Starting in 1997, scientists and engineers proposing grants to the NSF are required to address both the intellectual merit and the broader impacts of the proposed research. The broader impacts requirement is aimed at ensuring that all NSF grant proposers include specific information about how the proposed research will have broader societal impacts in areas that include economic competitiveness, education and community outreach. Many scientific researchers and university faculty members, however, are uncertain of what exactly they must do to successfully meet the broader impact requirements when applying for NSF funding.
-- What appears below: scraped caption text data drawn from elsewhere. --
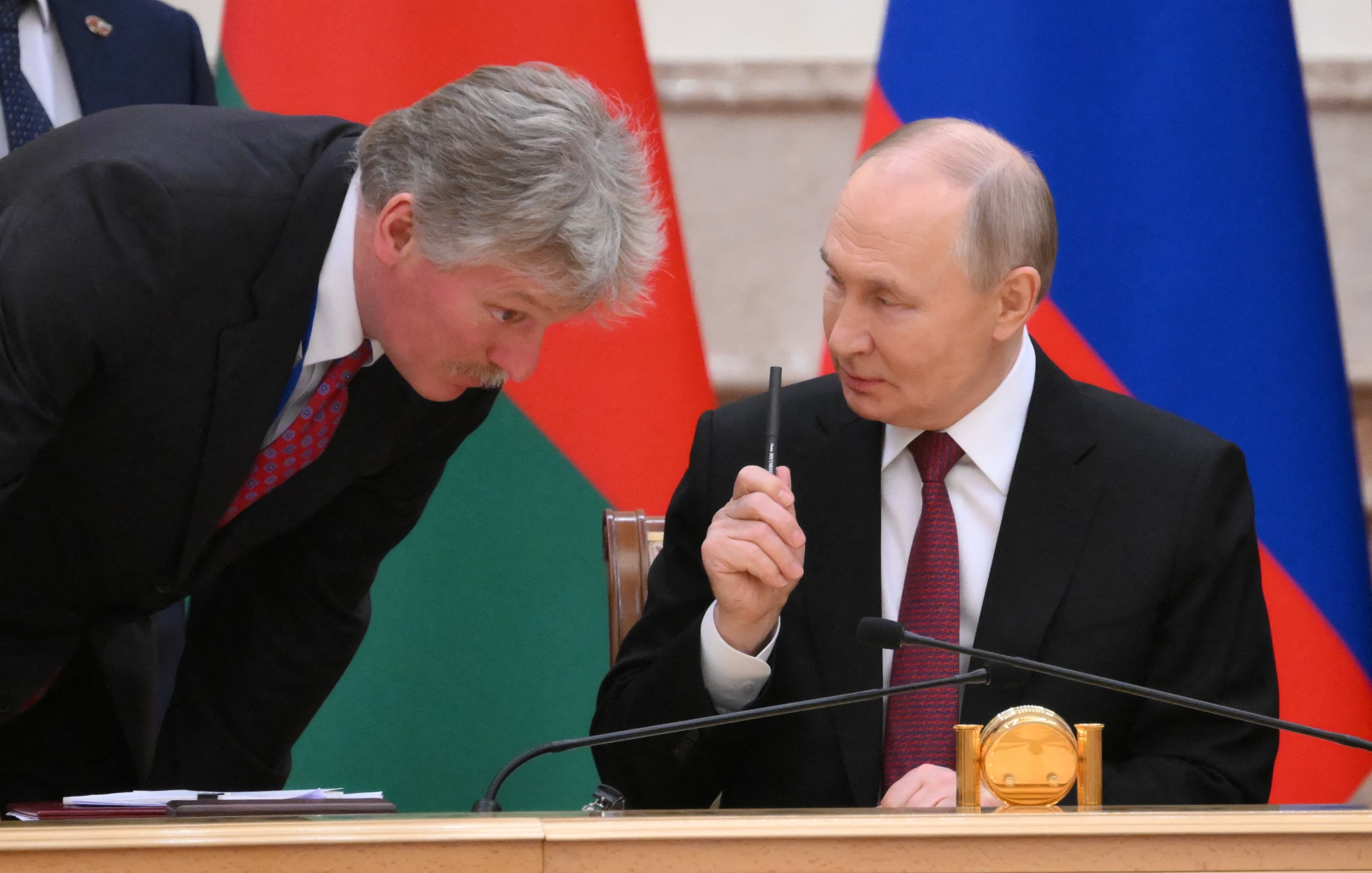 Prima reacție a Kremlinului după ce Ucraina a atacat Sankt Petersburg chiar în timpul Forumului la care trebuie să participe și Putin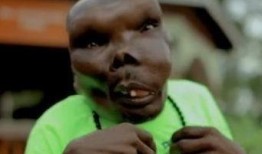 恐丑的娱乐吃瓜人照片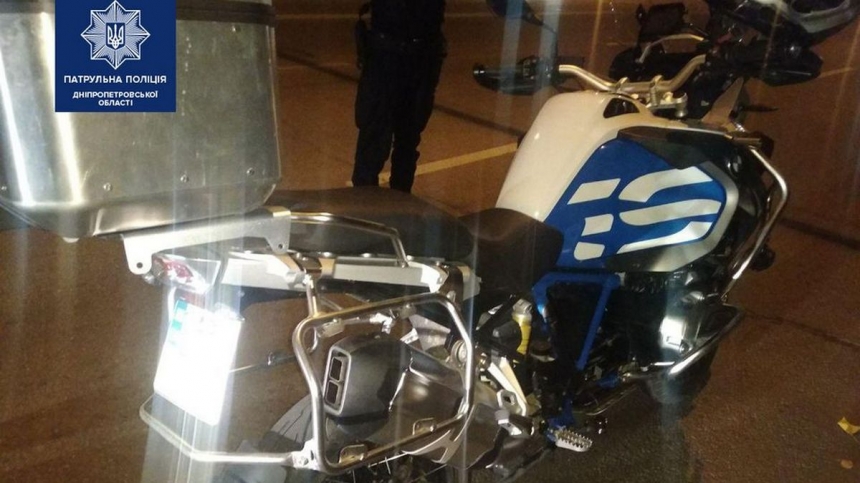 В Днепре водитель Daewoo предлагал патрульным взятку за друга на мотоцикле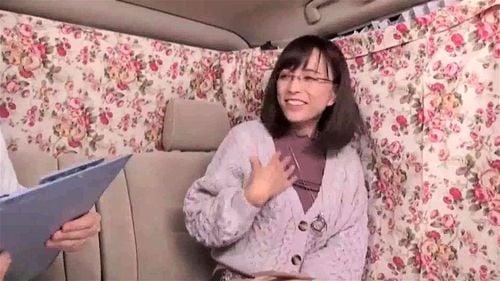 大人しそうな清純奥様が身体をいじられると、だんだんと本性を露わに。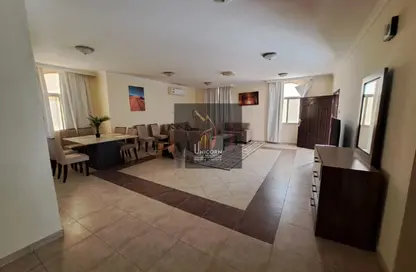 مجمع سكني - 4 غرف نوم - 4 حمامات للايجار في شارع المطار القديم - طريق المطار القديم - الدوحة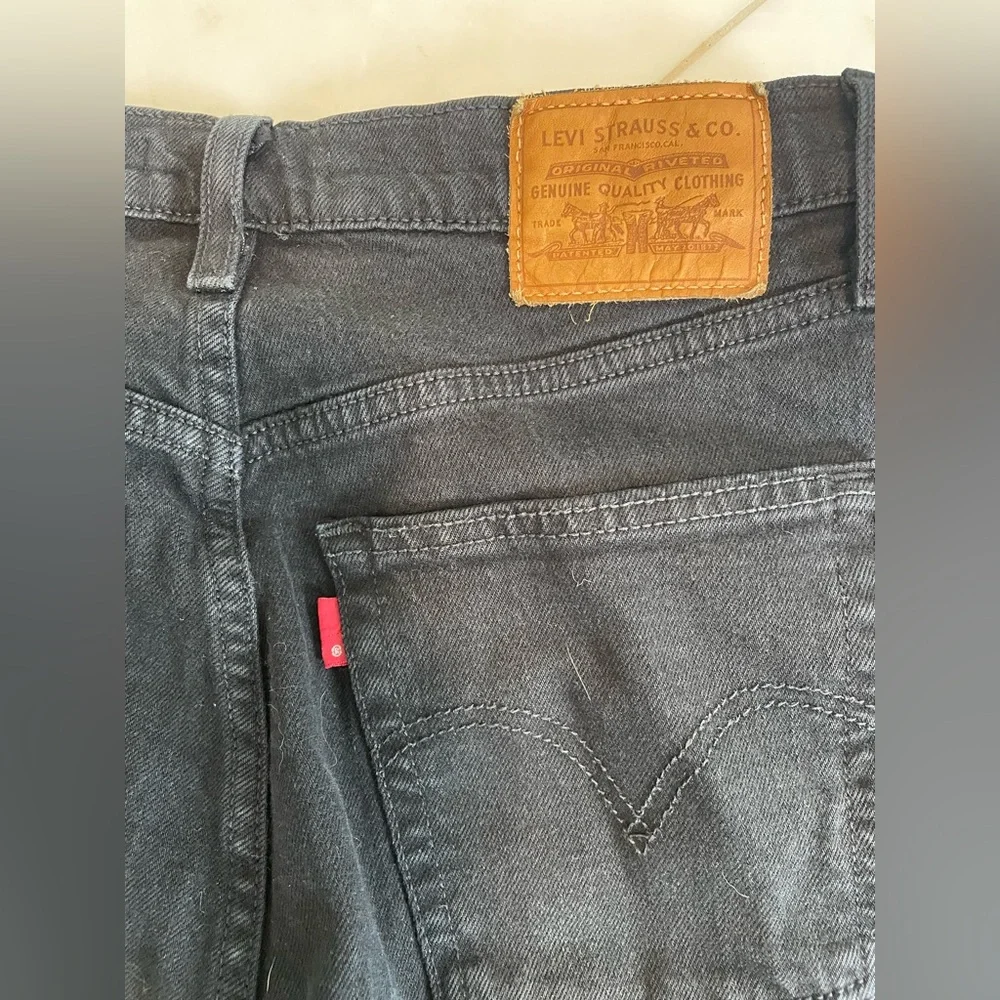 Levi's Women's Straight Leg Jeans - Black - Picture 8 of 8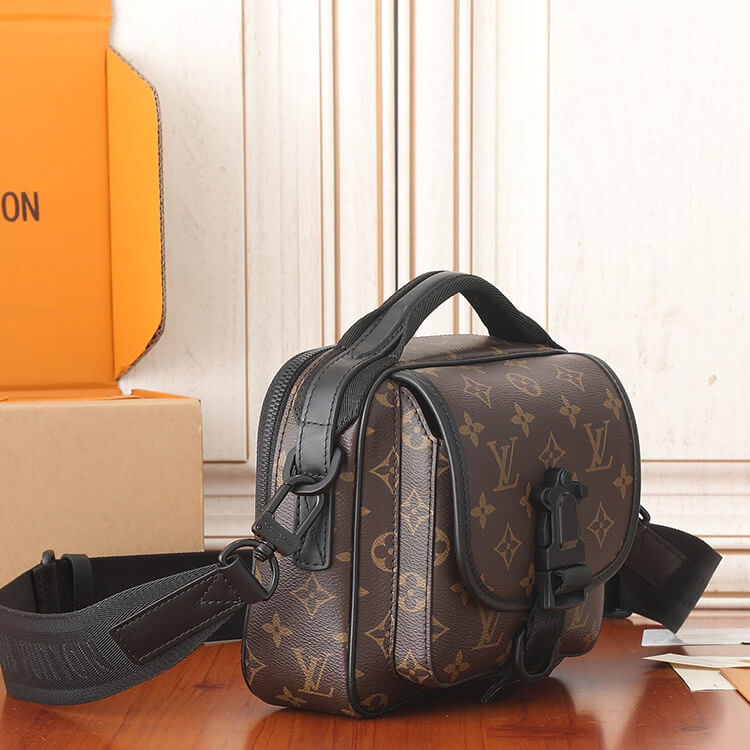 Replica LV Quest Messenger M46973 (3)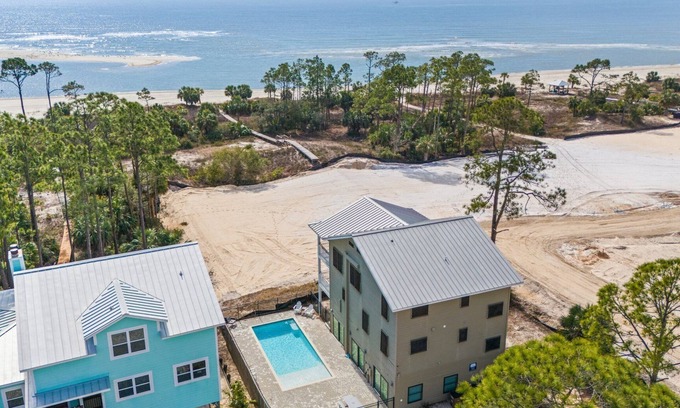 Indian Pass House | Discover Redbird Beach: Fall Weeks with Ocean View & Pool!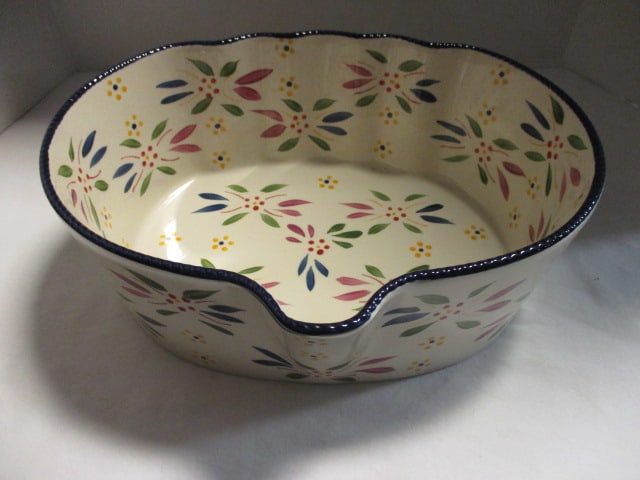 Temptations 'Old World' 4 QT. Casserole: .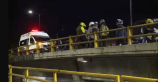 Motociclista en estado crítico tras caer de puente vehicular sobre la carrera 30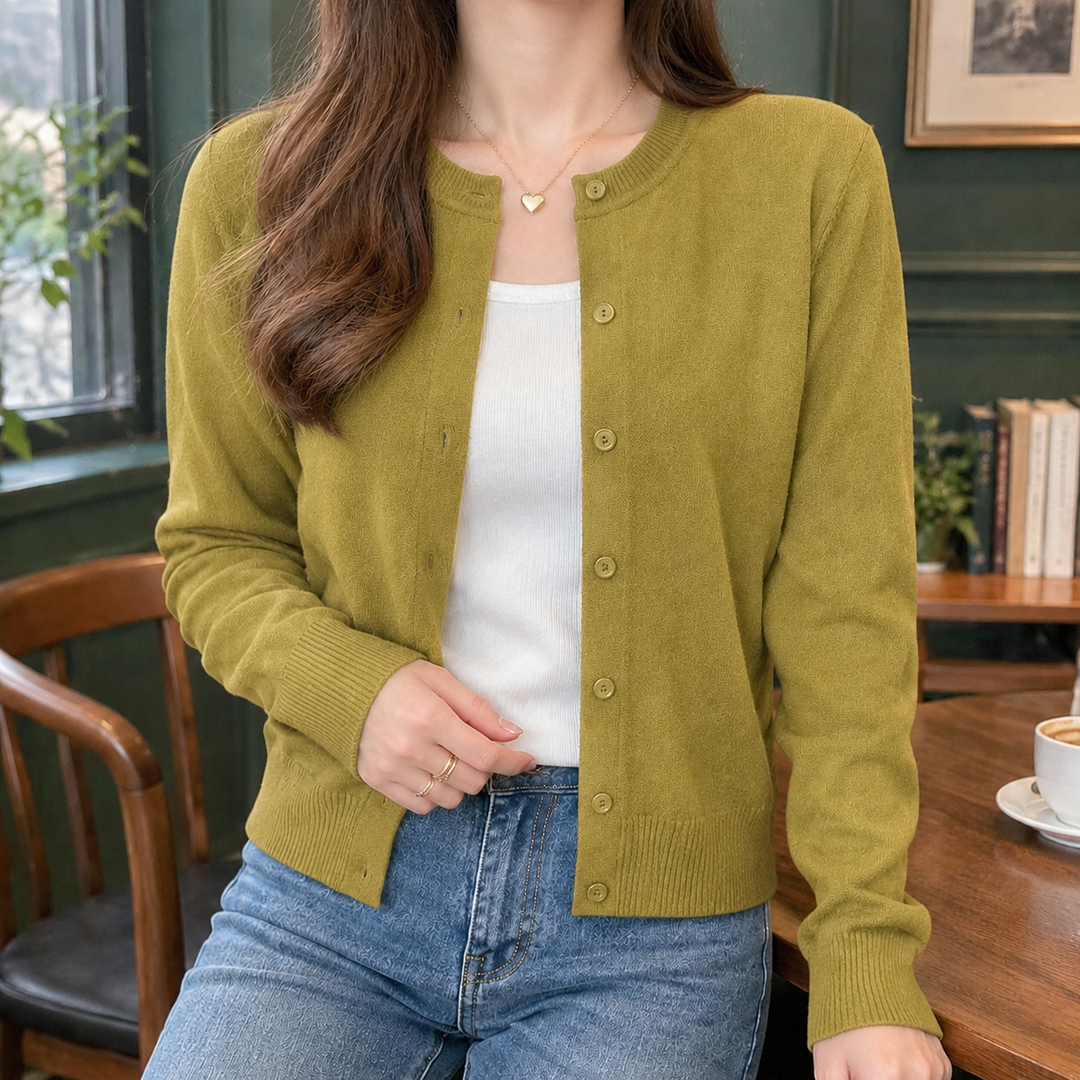 Eleri - Women's fine knit cardigan in Olive – front view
The America COMPETES Reauthorization Act of 2010 (P.L. 111-358) expressly states that one of the goals of the NSF Broader Impacts criterion is to improve undergraduate STEM education.  Despite this, very few NSF grant applicants utilize this education improvement goal as their means to meet the broader impact requirements.

The Association of American Universities proposes a flashtalk to discuss the challenges to using Broader Impacts to improve undergraduate education.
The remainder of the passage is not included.